### HOW TO COMPLETE THIS TASK
Your copy should start at the line with "Terima kasih semua, sampai" and end at the line with "Broken Dell Latitude" in the data below. Transcribe only those lines, exactly, pictures excluded.

Scraped caption text data:
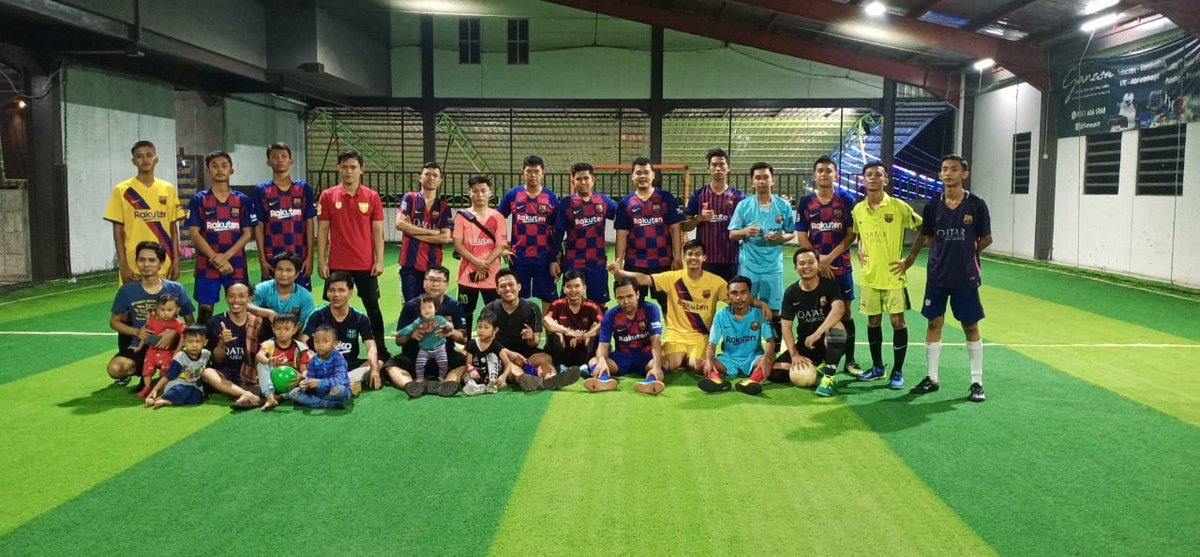 INDOBARCA_BATAM's tweet photo. Selasa, 1 Oktober 2019
.
π· Dokumentasi #Funfutsal Indobarca Chapter Batam di Futsal AkuTahu.
Terima kasih semua, sampai jumpa dikegiatan berikutnya! π΅π΄
.
#forcabarca #chapterevent #indobarcachapterbatam
#indobarca https://t.co/vWAToWlOVd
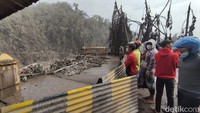 Tak sedikit warga yang datang ke lokasi untuk melihat langsung kondisi jembatan yang putus usai diterjang lahar dingin erupsi Gunung Semeru.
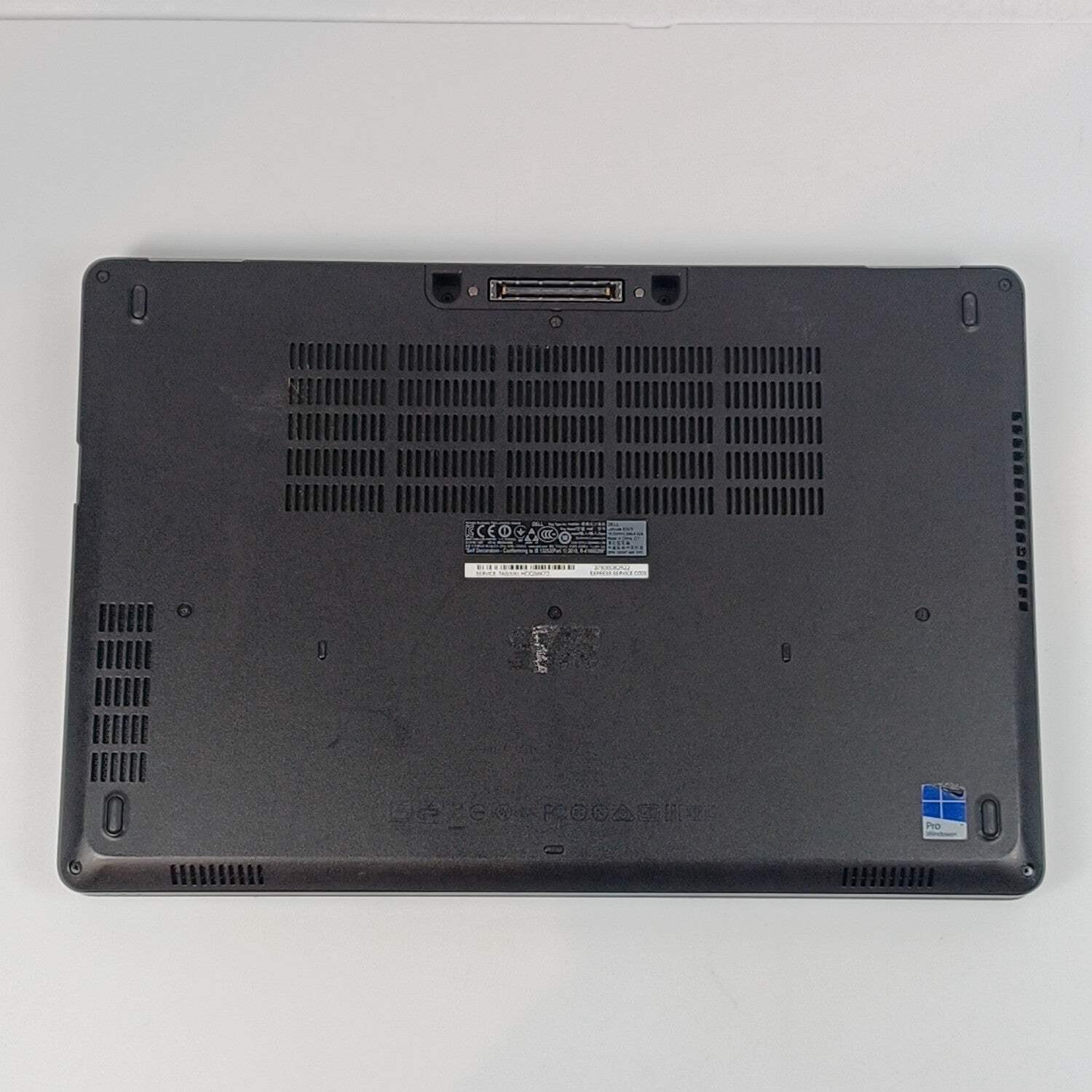 Broken Dell Latitude E5570 15.6″ i5-6200U 2.3GHz 8GB RAM 250GB SSD Read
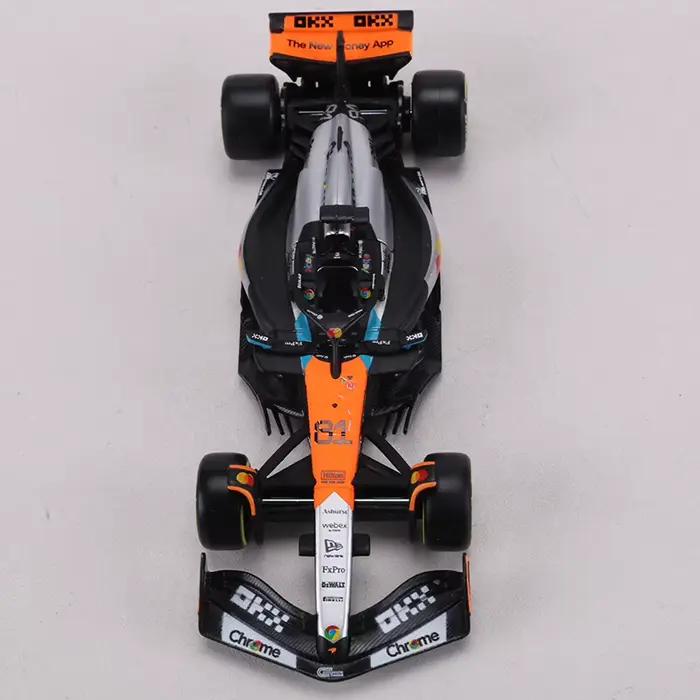 Burago 1:43 McLaren MCL39 GP du Royaume-Uni 2025 F1 Modèle de voiture en alliage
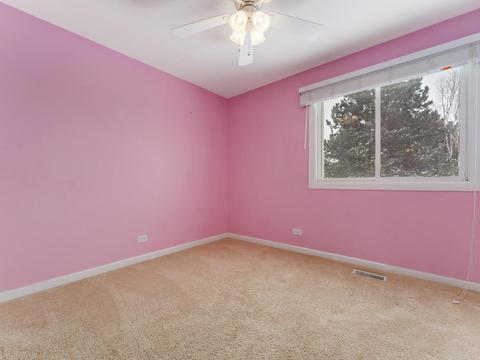 760 Buckingham Ct, Hoffman Estates, IL 60169 photo 12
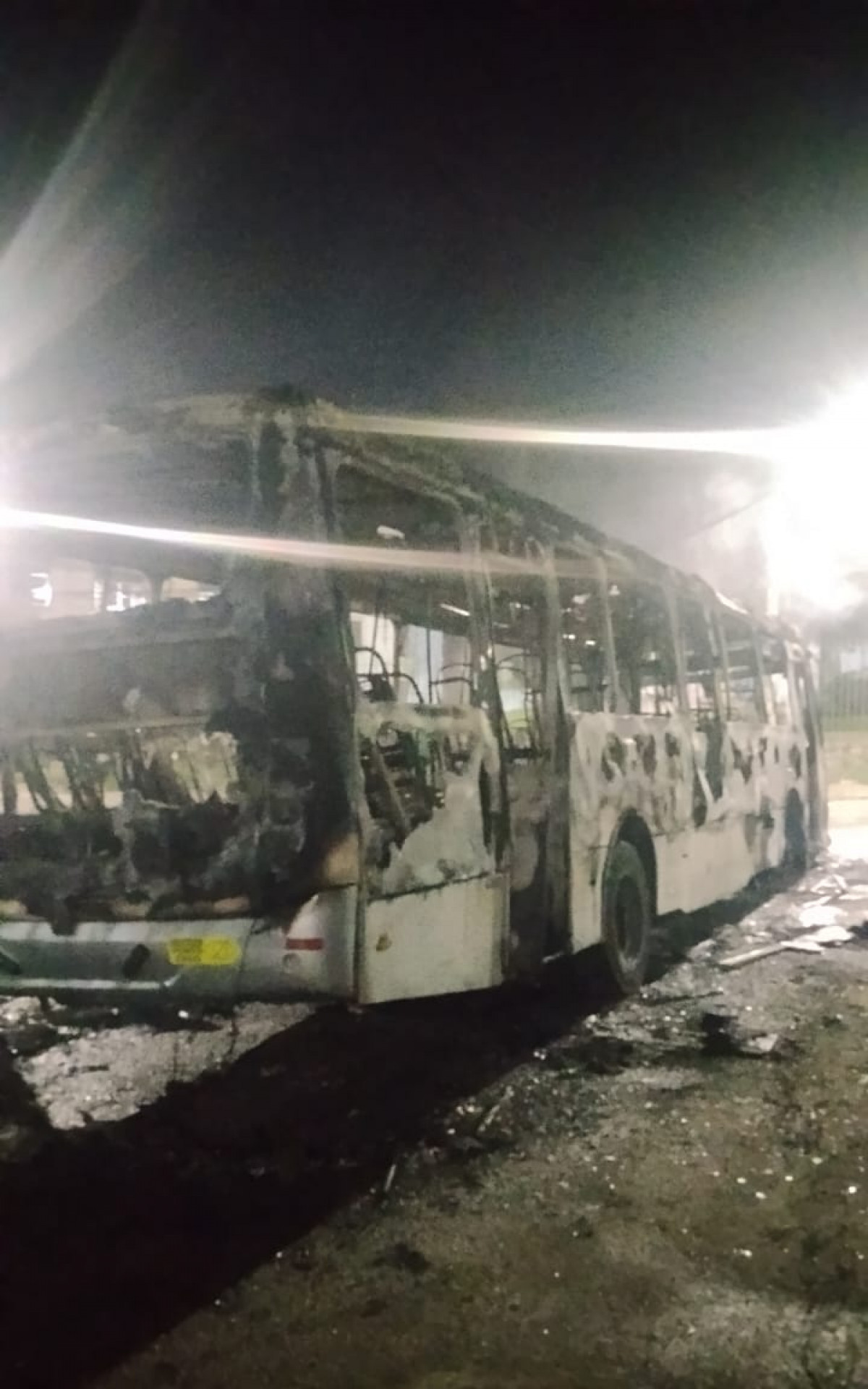 Ônibus da linha 600 ficou completamente destruído após ser incendiado - Divulgação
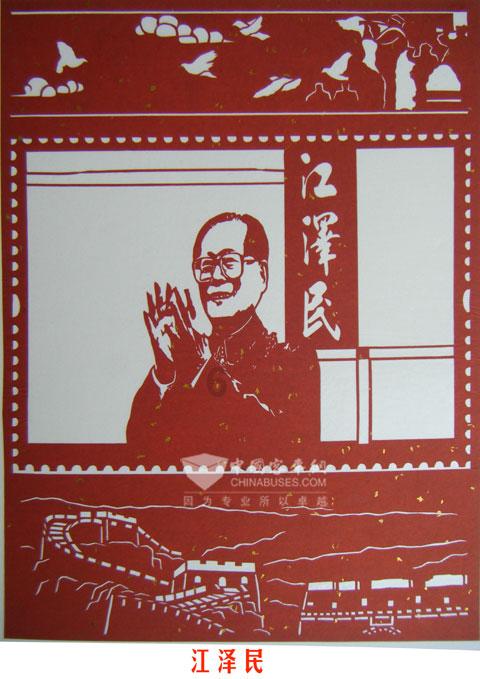 爸爸收纳盒装娃沉浸式体验过山车，孩子会喜欢这种玩法吗？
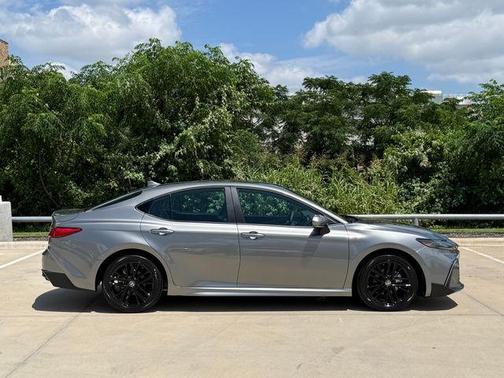Metal 2026 Toyota Camry SE
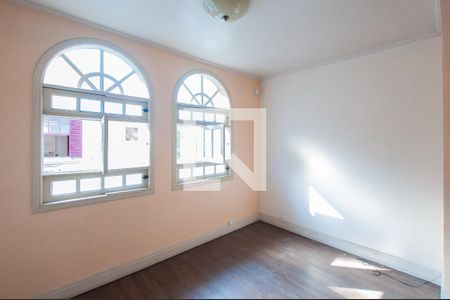 Casa à venda com 350m², 3 quartos e 2 vagasSuíte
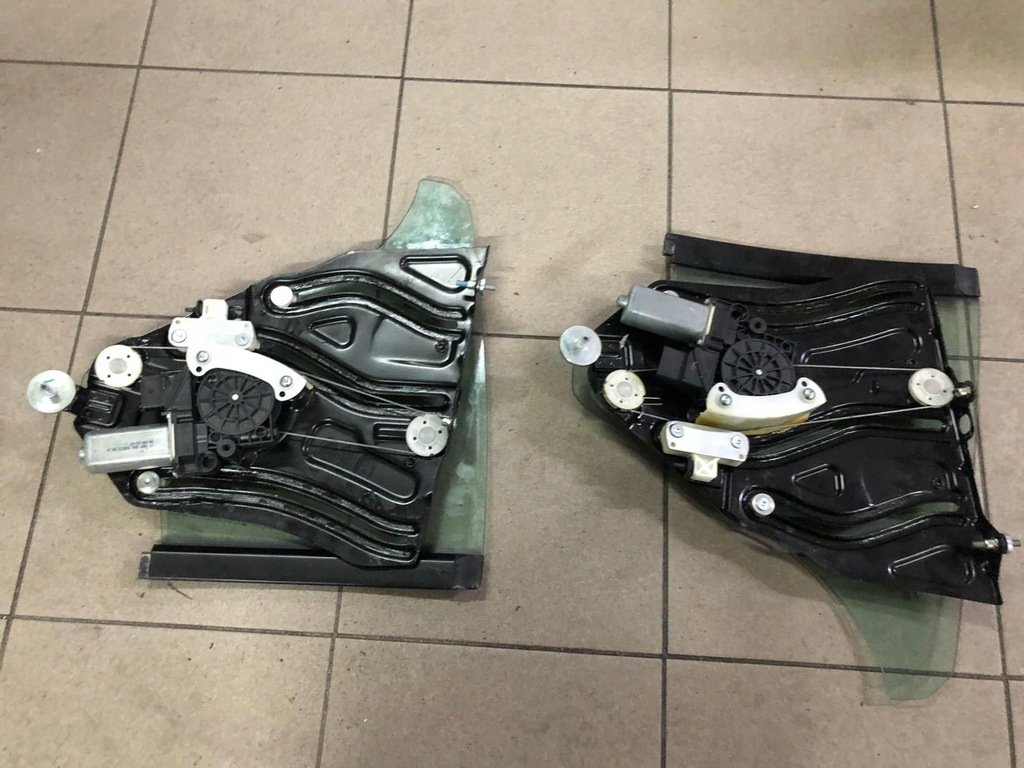 фото №2, Ferrari california f149 стекло задняя механизм r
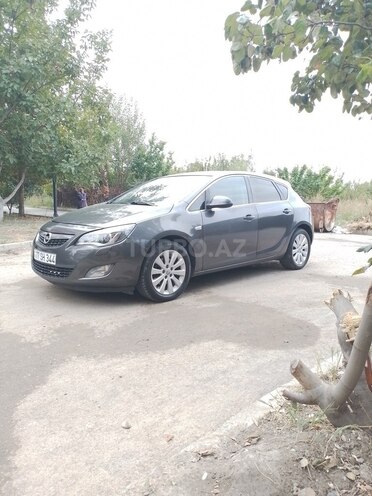 Opel Astra 2010, 318,000 km - 1.6 l - Tərtər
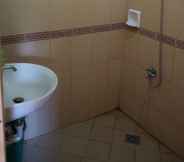 In-room Bathroom 2 Gomeson Villas
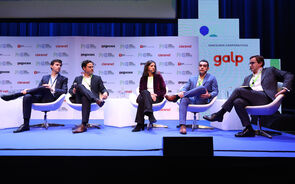 Produtividade, escala, talento e execução estiveram no centro do debate que reuniu João Falcão, Marlos Henrique da Silva, Philomène Dias, Fábio Gomes, e Pedro Coelho, para discutir os bloqueios e as oportunidades da competitividade portuguesa.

### RESPONSE TO THIS TASK
Terima kasih semua, sampai jumpa dikegiatan berikutnya! π΅π΄
.
#forcabarca #chapterevent #indobarcachapterbatam
#indobarca https://t.co/vWAToWlOVd
 Tak sedikit warga yang datang ke lokasi untuk melihat langsung kondisi jembatan yang putus usai diterjang lahar dingin erupsi Gunung Semeru.
 Broken Dell Latitude E5570 15.6″ i5-6200U 2.3GHz 8GB RAM 250GB SSD Read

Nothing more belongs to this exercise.